Proposed Bill Could Shut Down Cheap E-Bike Imports

Have you ever wondered how all those “cheap e-bikes” got imported into the U.S.? Last year we asked Ed Benjamin, founder and president of the Light Electric Vehicle Association (LEVA). Benjamin told us that they were getting into the country as de minimis shipments.
To explain, U.S. international trade import laws allow so-called non-market economies, such as China, to ship goods for import valued under $800 to come into this country free of duties, taxes or fees. Import value translates to FOB value, not wholesale or retail, but the value of the goods. So, a “cheap” e-bike with an import value of $800 or less is shipped directly to a consumer in this country from a company or brand in China, or to a closer-to-market Canadian or Mexican warehouse, that in turn ships directly to U.S. consumers. 

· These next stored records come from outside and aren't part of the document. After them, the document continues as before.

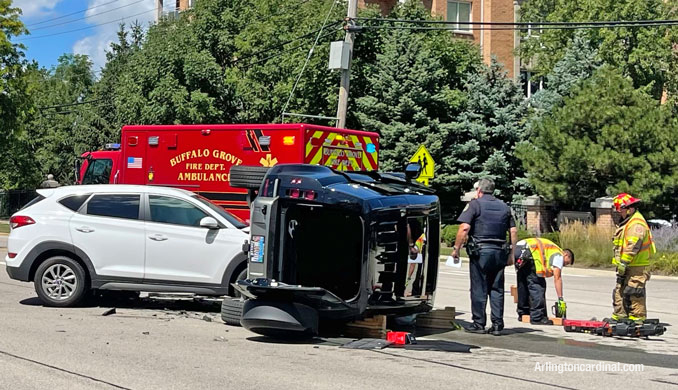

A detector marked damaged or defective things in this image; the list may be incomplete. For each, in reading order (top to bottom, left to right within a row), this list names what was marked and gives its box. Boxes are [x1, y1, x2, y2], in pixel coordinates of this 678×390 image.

overturned black suv [228, 163, 440, 336]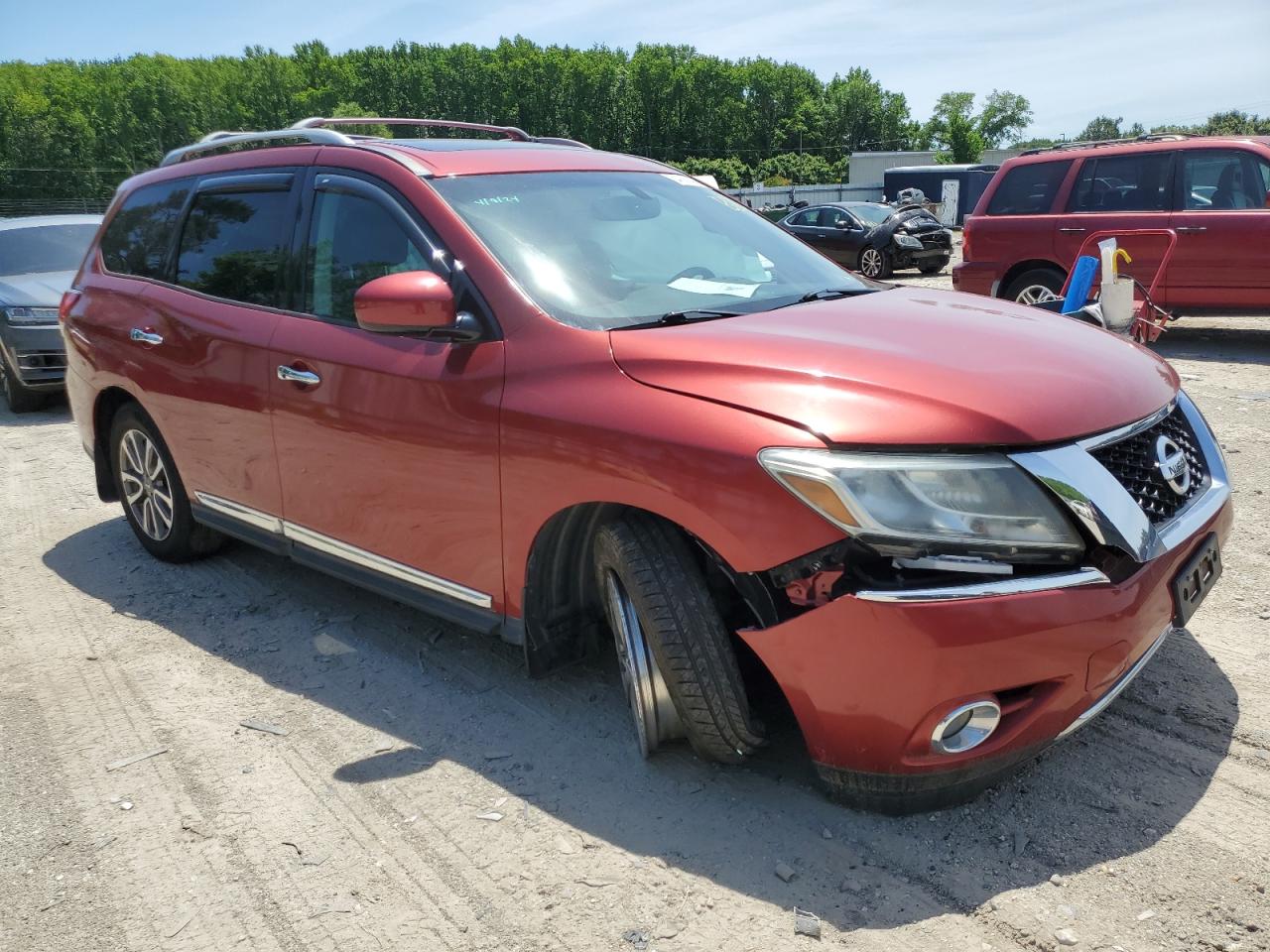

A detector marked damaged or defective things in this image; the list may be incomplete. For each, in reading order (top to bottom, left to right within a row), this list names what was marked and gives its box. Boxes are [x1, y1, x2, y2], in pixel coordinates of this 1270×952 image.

exposed wheel well [995, 261, 1067, 298]
exposed wheel well [91, 388, 137, 508]
exposed wheel well [520, 502, 777, 680]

How many? Based on Benjamin’s estimates for 2021, HPS is projecting the preliminary total number of e-bikes imported into the U.S. was approximately 780,000 to 800,000, with 260,000 to 270,000, (or about 1/3) imported as de minimis shipments directly to American consumers. This estimate will be refined over the next month.
Cheap e-bikes with an FOB value of $800 or less also include approximately 260,000 to 270,000 cheap lithium-Ion (L-I) batteries, because the most expensive component on any e-bike is battery, costing more than the electric hub or mid-drive motor. This large quantity of low-cost batteries enhances the probability of a catastrophic battery failure, resulting in a fire.

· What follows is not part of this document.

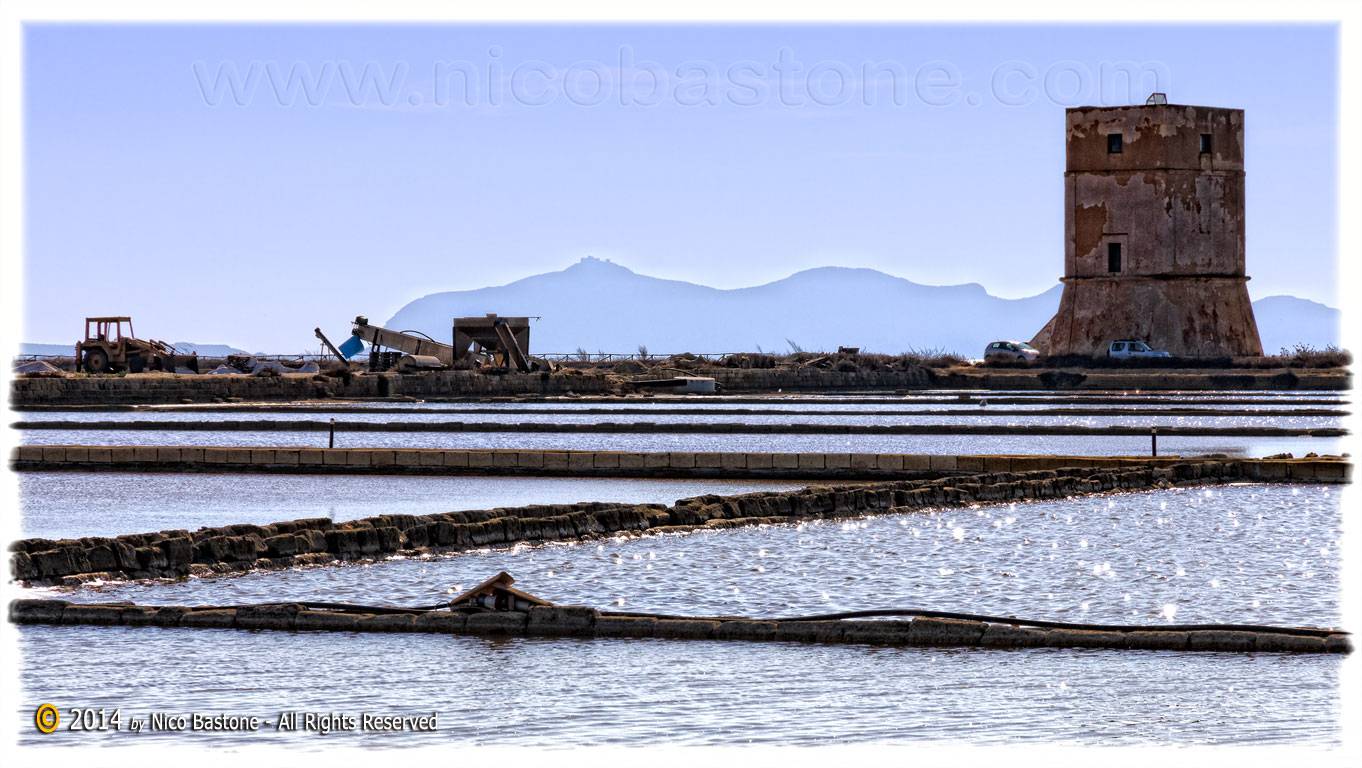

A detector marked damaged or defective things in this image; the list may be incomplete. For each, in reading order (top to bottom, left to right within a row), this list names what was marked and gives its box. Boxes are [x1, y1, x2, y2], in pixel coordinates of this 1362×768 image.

rusty machinery [74, 315, 197, 373]
rusty machinery [348, 313, 533, 370]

The Sourcing Journal reported January 19 the introduction of a bill by Representative Earl Blumenauer (D-Ore.), chairman of the House Ways and Means Trade Subcommittee, that would stop non-market economies from exploiting the de minimis threshold.
“The number of packages we receive in the United States has skyrocketed to more than 2 million daily packages, a number that will only climb in the coming years,” Blumenauer said relative to imports under the current de minimis provision. That means a total of 712 million packages entering the U.S. annually free of duties, taxes or fees, including bicycles, e-bikes and related parts and accessories.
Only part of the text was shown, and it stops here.